I wanted to pose my initial thought experiment and see if any of you have helpful ideas to see if life can be breathed back into this mechanic.
For context – the game is a dudes on a map type game in the same genre as Nexus Ops, Kemet, Blood Rage, Forbidden Stars, Scythe, etc.
The combat mechanism needed to be both interesting on its own, but also not crowd out the game.
The specific thought experiment – design challenge I presented with myself was to design a dice based combat system that does not have a swingy randomness inherent in such systems. Most modern dice combat designs do this by giving additional powers to change die rolls (Forbidden Stars). Or not have a “miss” side to a die – so all sides have some positive outcome – but it might not be the exact positive outcome you wanted (block vs hit).
The solution I came up with was a dice-drafting combat system – players in combat roll a communal pool of die then go back and forth taking a die from the pool.
The main issue with this mechanic on its own is it’s too deterministic. Players can more or less math out what they need and know from assessing the communal pool what the outcome will be- the actual drafting doesn’t give much meaningful play.
I came out with a workable system to mitigate that determinism – but I’m just curious what your minds will come up with given the task to create a dice-drafting combat mechanism?
posting these questions are hard - because as some of you alluded to, you kind of need to know the whole game in order to properly answer the question, and I’d rather not write a full blown designer diary. I suppose a better way would be to phrase the question generally “If you were to design a combat system based on dice drafting- how would you do it?” I had hit a wall tackling this design challenge and was hoping to get fresh insight.

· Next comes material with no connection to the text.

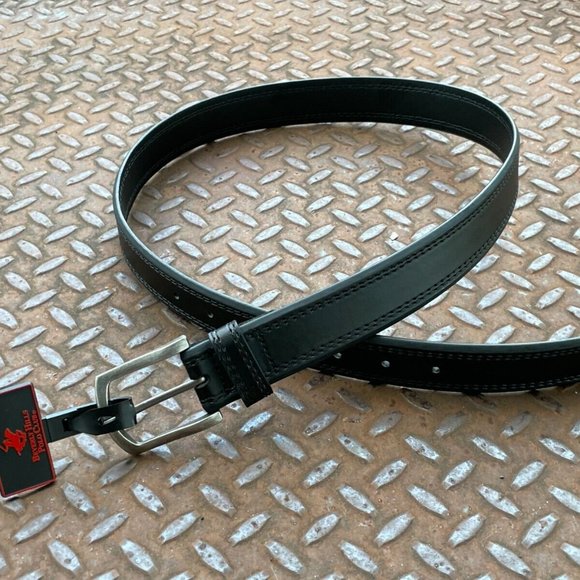 Beverly Hills Polo Clubs Men Belt Black Faux Leather Waistband Size 32/34 inches - Picture 2 of 7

At any rate I’ve found my answer to lie in 2 aspects- playing cards from the hand, as has been suggested- but more importantly adding a resource of sorts to the battle that allows you to boost a die you draft. You can spend all the resource now and draft a very strong die, but your opponent might be able to counter, or you can evenly scatter the resource across the die. This adds just enough “unknown” into the system. How much will your opponent commit to his next die draft?